* Task prompt: Omit all pictures. Quote the lines from the one with "Distressed Denim Cut Off Shorts" through the end of the listing below, exactly as they appear.

* Information shown:
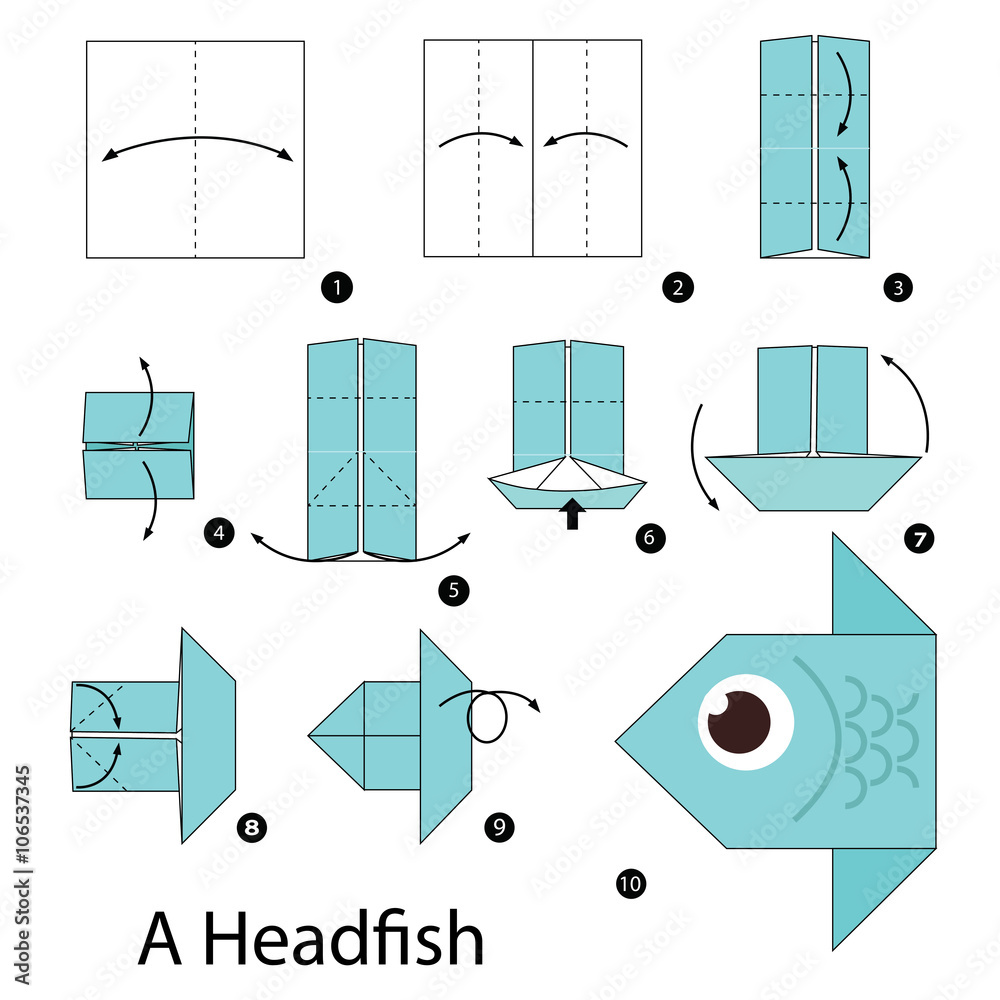 Step by step instructions how to make origami A Head fish. Stock Vector ...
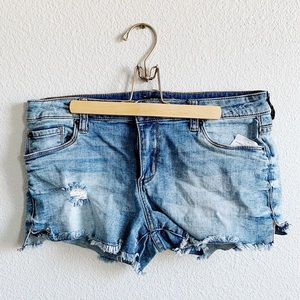 Distressed Denim Cut Off Shorts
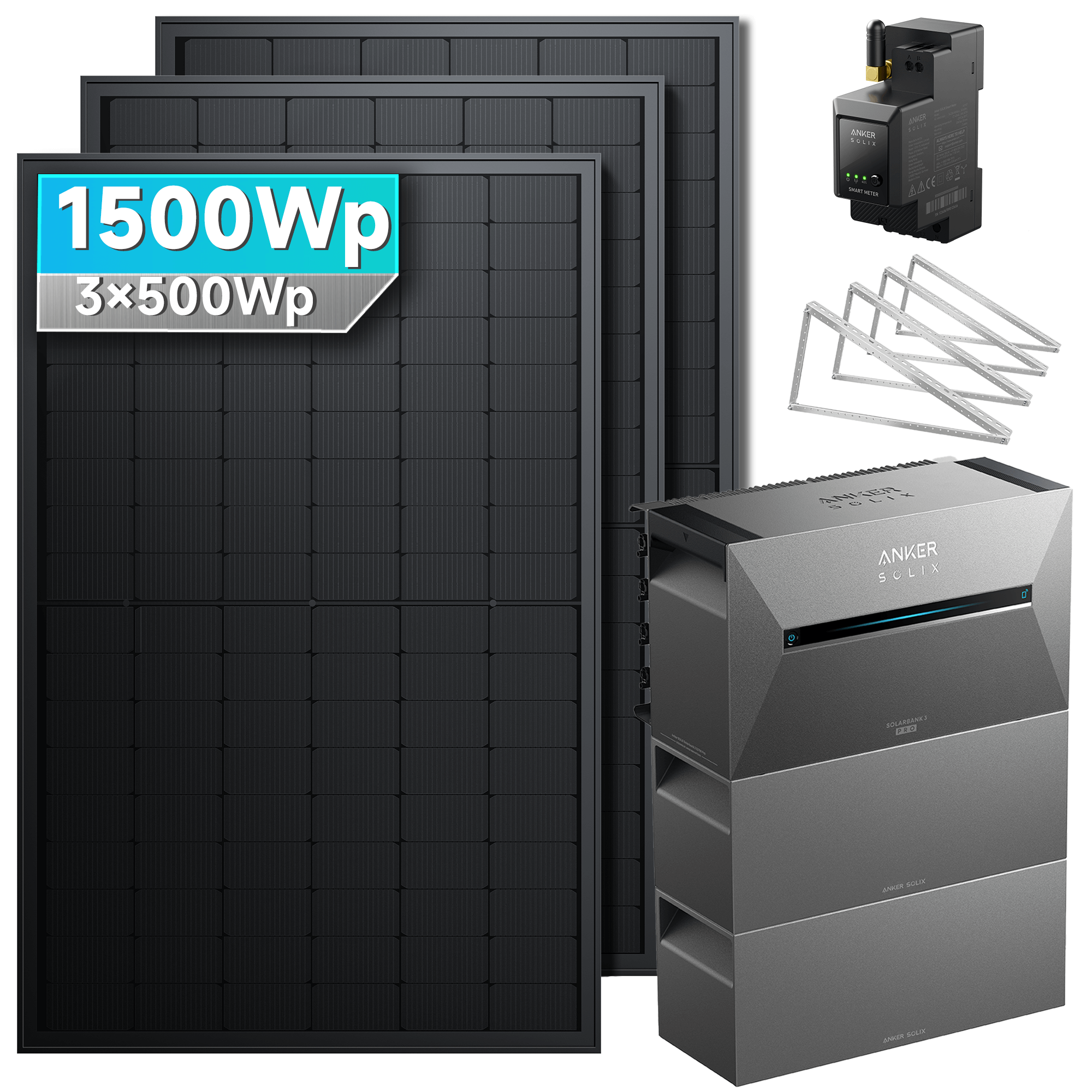 1500Wp Anker Solix Balkonkraftwerk Komplettset mit 3x500Wp bifazialen PV-Panels. Speicher: Mit 2x BP2700 Erweiterungsakku. Halterung: Mit Garten-/Flachdachhalterung.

* Answer to this problem:
 Distressed Denim Cut Off Shorts
 1500Wp Anker Solix Balkonkraftwerk Komplettset mit 3x500Wp bifazialen PV-Panels. Speicher: Mit 2x BP2700 Erweiterungsakku. Halterung: Mit Garten-/Flachdachhalterung.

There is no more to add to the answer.